Cool thanks Charst. 

I'm going to have a crack at adapting this for BIAB stovetop.


----------



## sim (28/10/11)

bullsneck said:


> Going to have a few tonight.



so how'd it go bullsneck? ...or did it finish you off?!


----------



## bullsneck (28/10/11)

Time in the keg has done it wonders. I'd probably do it again, but bitter a little more if using English hops.
It has a slight sweetness to it which throws it a little off balance.


----------



## chadjaja (2/11/11)

Anyone using midnight wheat in their black IPA's? Brewing one up tomorrow and just starting to have a think about how much to add. Will add a touch of choc malt but not enough to impart too much of a roasted flavour.


----------



## 2much2spend (2/11/11)

chadjaja said:


> Anyone using midnight wheat in their black IPA's? Brewing one up tomorrow and just starting to have a think about how much to add. Will add a touch of choc malt but not enough to impart too much of a roasted flavour.

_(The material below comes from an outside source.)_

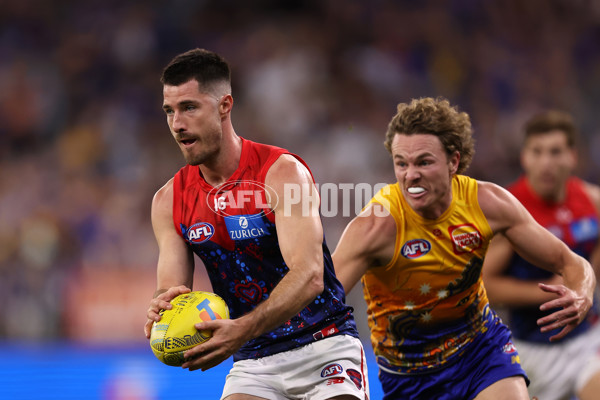 AFL 2024 Round 10 - Waalitj Marawar v Narrm - A-49515836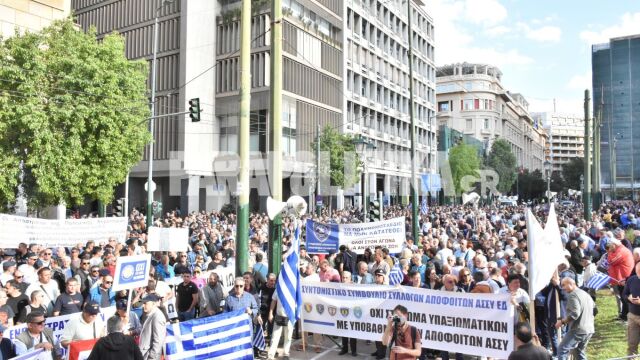 Πανελλαδική διαμαρτυρία στρατιωτικών για το νέο πολυνομοσχέδιο του ΥΠΕΘΑ - Τουλάχιστον 25 λεωφορεία από όλη τη χώρα (Εικόνες)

yeah i did to the 62 black ipa. made it reel dark but not quite black
dont worry about the flavour the 62 bIPA is very coffee chocolatetie :drinks:


----------



## Aces High (30/11/11)

BreathingHeat said:


> Alright guys, I'm finally brewing my Black IPA this Sunday (BIAB). Anyone see any glaring errors in my recipe? Suggestions appreciated.
> 
> Black IPA
> 
> ...



Sorry to resurrect an old thread here, but I have a mate that wants me to brew him a Black IPA. I've never brewed a black or something this high OG, so its all new to me. 

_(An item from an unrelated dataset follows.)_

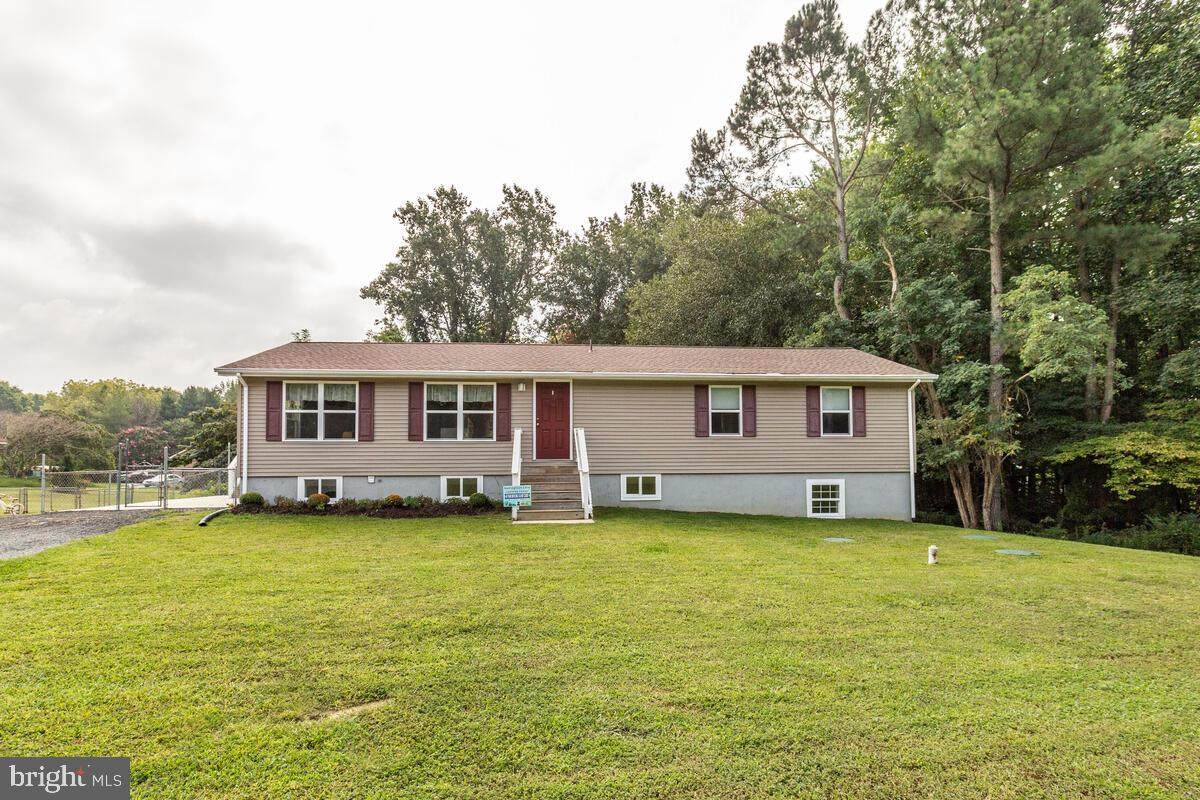 4425 Solomons Island Road - Photo 1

A couple of recipes in this thread have water additions like gypsum, chalk etc. Is this just to do with the water they are using (eg distilled or tank water) or is there some reason why you need to add them to a black IPA? 

I've never needed to add any additions to my water previously


----------



## seamad (30/11/11)

Without opening the water additions can o worms if you haven't in the past don't bother.
Made this myself ( on tap atm) good drop. I add water additions measure pH etc. Will turn out fine without


----------



## chadjaja (30/11/11)

Made mine without any water additions and its fine also...too good in fact and I should ration myself LOL


----------



## TheBlackAdder (21/9/15)

Little bit of a thread necro....

Put up this recipe because I tried the beer at a pub and absolutely love it

I cant remember exactly but OG was about 1.060 and FG ~ 1.011

Great colour but damn it has a hop kick from what I tried while bottling. Way more bitter than Karma Citra - not sure how drinkable it will be.
Hopefully (cos I was sort of tasting the dregs) I just got a mouthful of hop pellets and it will mellow out in the bottle

I made it as a wedding gift...so I bloody hope it mellows out lol


----------